# DESCRIPTION OF THE TASK
Look below for the line that contains "Hydrocephalus Before And After Shunt", then copy it and each following line to the end of the records, minus any pictures.

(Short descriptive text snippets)

- - - - - - -

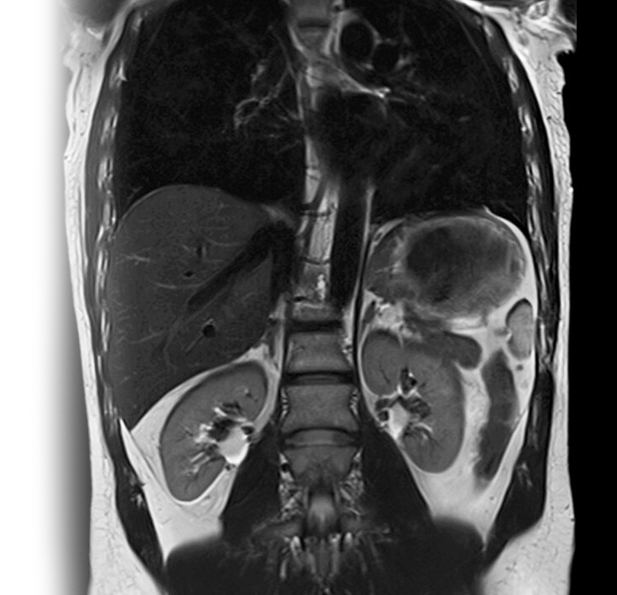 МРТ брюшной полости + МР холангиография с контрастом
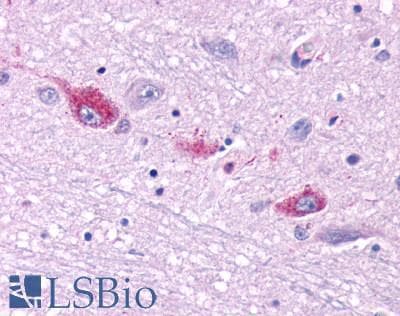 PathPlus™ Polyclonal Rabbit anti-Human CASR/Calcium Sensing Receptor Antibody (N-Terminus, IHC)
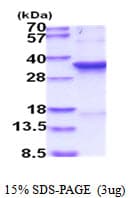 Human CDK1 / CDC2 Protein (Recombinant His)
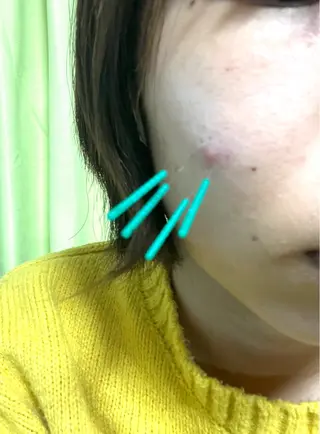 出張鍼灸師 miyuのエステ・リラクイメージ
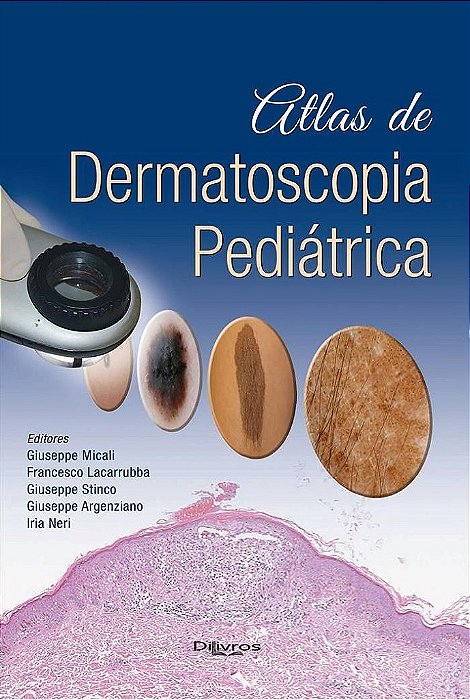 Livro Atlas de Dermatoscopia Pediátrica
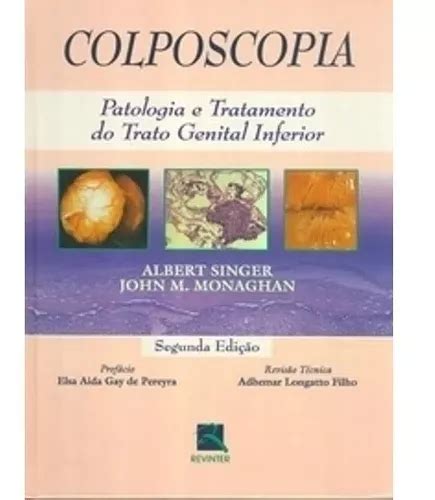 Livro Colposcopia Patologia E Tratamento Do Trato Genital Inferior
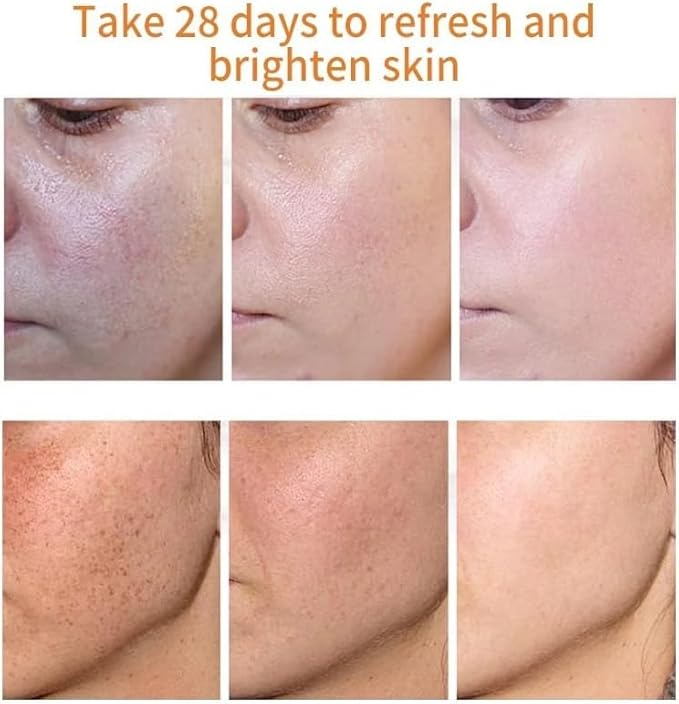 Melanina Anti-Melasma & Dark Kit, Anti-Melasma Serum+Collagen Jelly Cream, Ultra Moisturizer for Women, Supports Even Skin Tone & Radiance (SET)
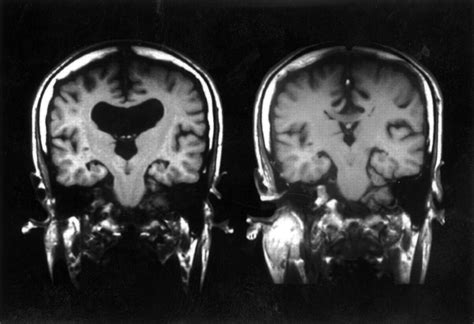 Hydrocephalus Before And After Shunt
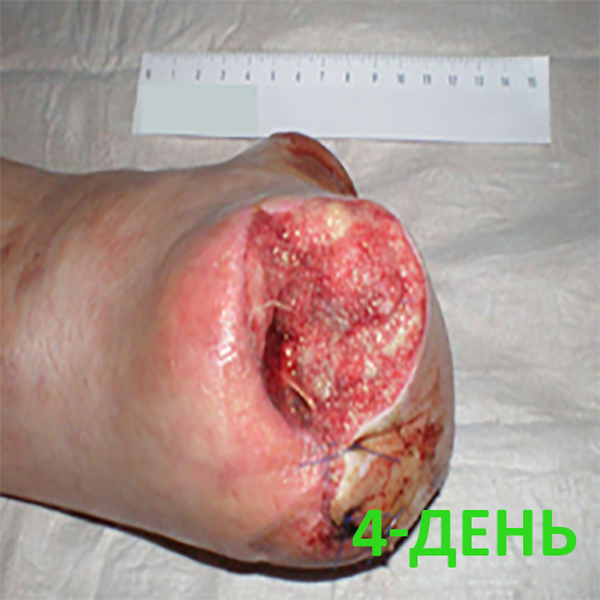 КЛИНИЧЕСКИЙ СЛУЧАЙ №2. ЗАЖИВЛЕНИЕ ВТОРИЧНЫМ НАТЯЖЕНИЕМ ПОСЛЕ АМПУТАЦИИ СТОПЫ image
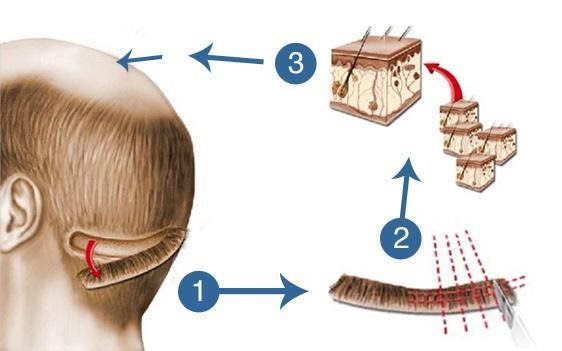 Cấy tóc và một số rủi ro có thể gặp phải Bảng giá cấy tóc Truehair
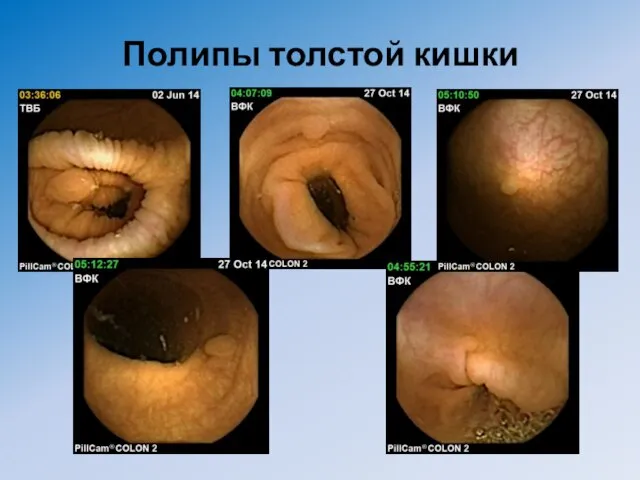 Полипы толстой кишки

- - - - - - -

# WORKED SOLUTION
 Hydrocephalus Before And After Shunt
 КЛИНИЧЕСКИЙ СЛУЧАЙ №2. ЗАЖИВЛЕНИЕ ВТОРИЧНЫМ НАТЯЖЕНИЕМ ПОСЛЕ АМПУТАЦИИ СТОПЫ image
 Cấy tóc và một số rủi ro có thể gặp phải Bảng giá cấy tóc Truehair
 Полипы толстой кишки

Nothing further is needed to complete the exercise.